Wann? 15. Dezember 2011, 19:00 Uhr

Wo? Sitzungssaal Stadtmuseum, St. Jakobs-Platz 1, 80331 München  (gegenüber des neuen Jüdischen Zentrums)

Eröffnung:
Joachim Lorenz, Referat für Gesundheit und Umwelt der Landeshauptstadt München

Diskutanten:

· Jürgen Hoffmann, Bereichsleiter Windenergie, Green City Energy GmbH
· Franz Trattler, Anliegergemeinschaft „Keine Windkraftanlage in Froscham“
· Lutz Karl Stahl, Geschäftsführer Geothermie-Kraftwerk Bernried/BE-Geotherm GmbH
· Regina Fischer-Jech, Bürgerinitiative Alternative Energiequellen (BAE).

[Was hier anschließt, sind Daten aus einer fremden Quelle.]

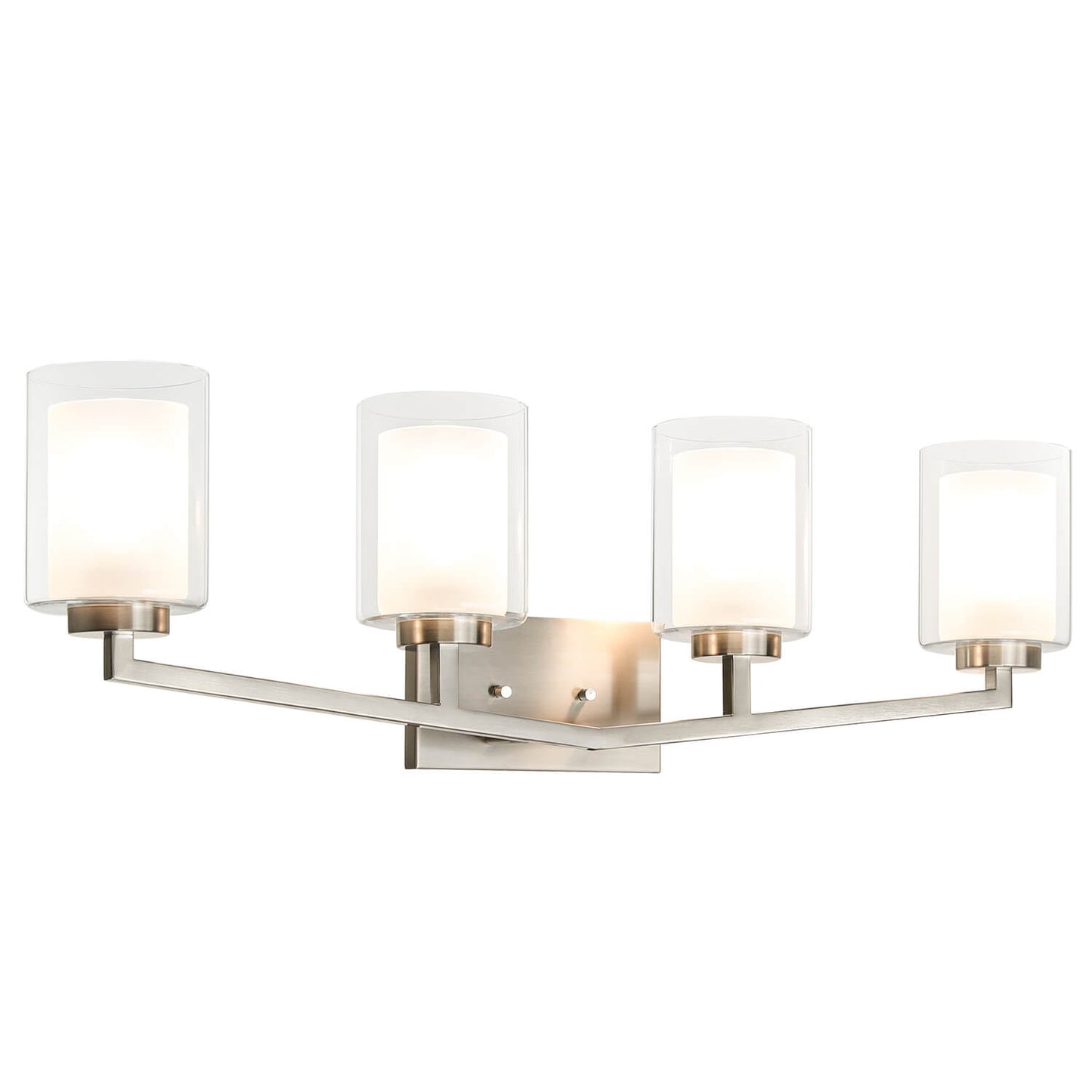 Brushed Nickel 4-Light Bathroom Vanity Light with Dual Glass XB-W1294-4-BN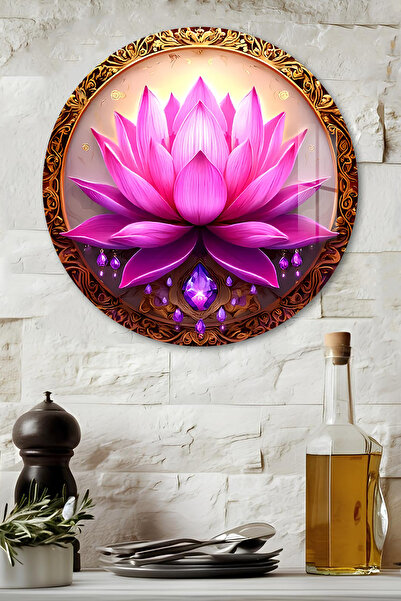 kutuTR 3D Görünümlü Temperli Cam Tablo – Mor ve Pembe Lotus Çiçeği Duvar Süsü...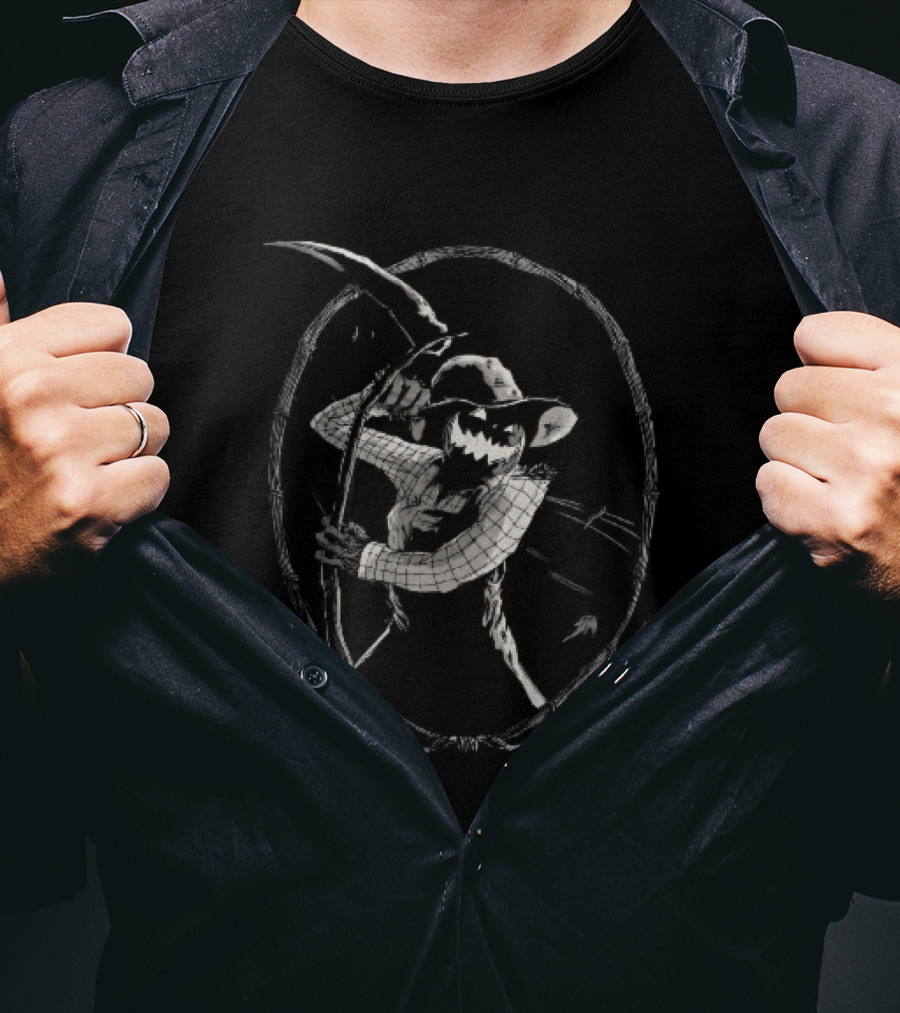 Jack O Lantern Scarecrow Holding Scythe Oval Twig Frame T-Shirt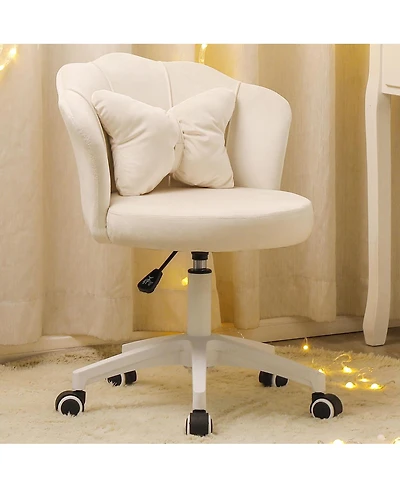 Dyhome Kitchen Chairs Mid-Century Modern Dining Chairs Set of 6, Kitchen Dining Room Chairs, Polyester Upholstered Wishbone Dining Chair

Unsere Eröffnungsveranstaltung der Reihe „Mutbüger für Energiewende!“ war aufrüttelnd und mit rd. 80 Zuhörern und Diskutanten gut besucht.

Eröffnungsrede Helmut Paschlau: Klicken Sie hier

Eingeladen hatten wir die Bürgerinitiativen, denen dieses Zitat in der AZ zugeordnet worden war, und Vertreter der Investoren, die Windkraftanlagen und eine Geothermie-Anlage realisieren wollten.
Zu klaren Bedingungen wurde dann zwischen den jeweiligen Gegenpolen fair diskutiert, das Experiment der Veranstaltung hat geklappt:

Grußwort von Joachim Lorenz: Klicken Sie hier

Eingangs betonte Umwelt-Referent Joachim Lorenz in seinem Grußwort, dass und warum die Landeshauptstadt München unsere Veranstaltungsreihe unterstützt: Klimawandel und Energiewende sind die absolut vorrangigen Probleme der Weltgemeinschaft, sie haben – global betrachtet – dramatische Konsequenzen für Menschen in anderen Erdteilen, aber auch für uns. Aufgrund der Zuwanderung werde der Klimawandel in den Großstädten entschieden. München sei bei Klimawandel und Energiewende durchaus führend, aber es gebe auch Rückschläge im Bereich Energieeffizienz (z.B. dritte Startbahn Flughafen). Lorenz appellierte jedoch auch stark an die nimby’s, die „not-in-my-backyards“, an diejenigen, die keine Energieanlage vor ihrem Gartentor haben wollen: Gemeinschaftswohl geht vor Eigennutz!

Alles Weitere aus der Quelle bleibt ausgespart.